Though he found it funny, the Securities and Exchange Commission (SEC) did not. They labeled the tweet as "false and misleading" to investors, and fined him $20 million, as well as an extra $20 million for Tesla. In a separate incident, he tweeted "Tesla stock price too high IMO" and wiped $14 billion of his own company's value.
The ordeals might have prepared him for some wildly-fluctuating values as he tried to actually buy the social media platform. Let's hope it has, as since he announced his intention to buy Twitter on April 14, his net worth has sunk by $49 billion. The latest drop came on Wednesday, as his worth dropped $12.3 billion in a day, reports Bloomberg.
A number of factors led to the drop, including the exclusion of Tesla from the S&P 500 ESG Index, which measures companies on environmental, social, and corporate governance performance.
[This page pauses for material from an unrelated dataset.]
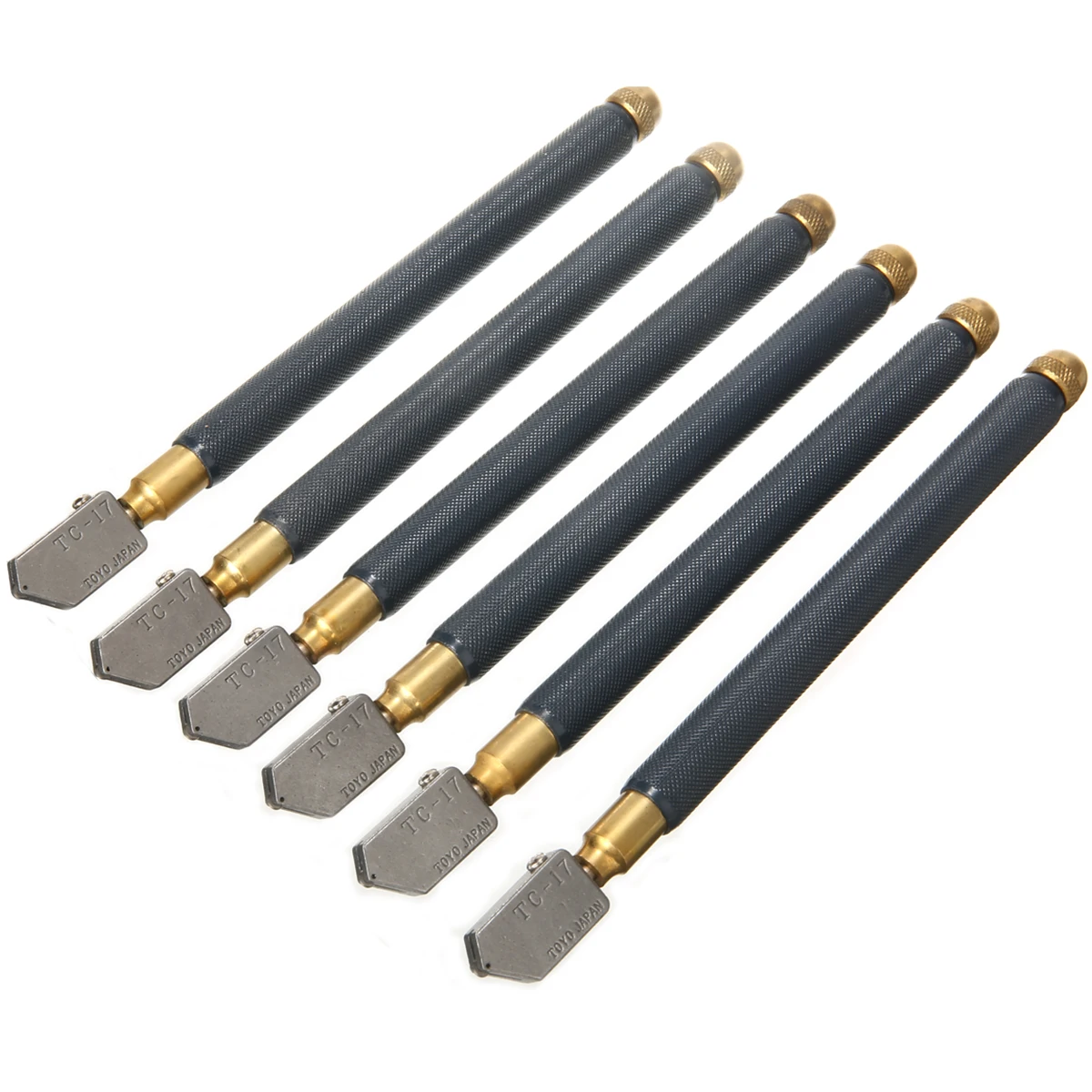 6pcs/Set TC-17 Oil Glass Cutters Metal Handle Diamond Straight Head Cutting Tool for Cutting Glass Tile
Reasons for the exclusion include a lack of details about its low carbon strategy, claims of racial discrimination at the company's California plant, and crashes of autopilot vehicles themselves.
"A few of the factors contributing to its 2021 S&P DJI ESG Score were a decline in criteria level scores related to Tesla’s (lack of) low carbon strategy and codes of business conduct," an explanation from the Index read. "In addition, a Media and Stakeholder Analysis, a process that seeks to identify a company’s current and potential future exposure to risks stemming from its involvement in a controversial incident, identified two separate events centered around claims of racial discrimination and poor working conditions at Tesla’s Fremont factory, as well as its handling of the NHTSA investigation after multiple deaths and injuries were linked to its autopilot vehicles."
Musk was not too happy with the decision.
"Exxon is rated top ten best in world for environment, social & governance (ESG) by S&P 500, while Tesla didn’t make the list!" Musk responded in a tweet, adding "ESG is a scam. It has been weaponized by phony social justice warriors."
He went on to explain (in a tweet he has now pinned) that he would be voting Republican for the first time.
The larger drop of $49 billion since he announced his intention to buy Twitter is fueled partly by a wider market tumble, as well as concerns about how he could fund buying his favorite social media platform, with some questioning whether he can really afford it at all. The problem could get worse if stock at Tesla continues to fall.
"If Tesla's share price continues to remain in freefall that will jeopardise his financing," Oanda senior market analyst Ed Moya told BBC News. Musk currently considers the deal on hold, pending an investigation into the percentage of the site's users that are bots, and faces a possible $1 billion charge if he pulls out of the deal entirely.
Musk has gone on record saying that his purchase of Twitter is "not a way to make money", adding "I don't care about the economics at all". The main appeal of purchasing the site, according to Musk's own statements, is to provide a "free speech" platform for debate. Let's hope that is true, as, at the moment, it is not doing great things for his bank balance. Not that he'll notice any material difference, as the world's richest man.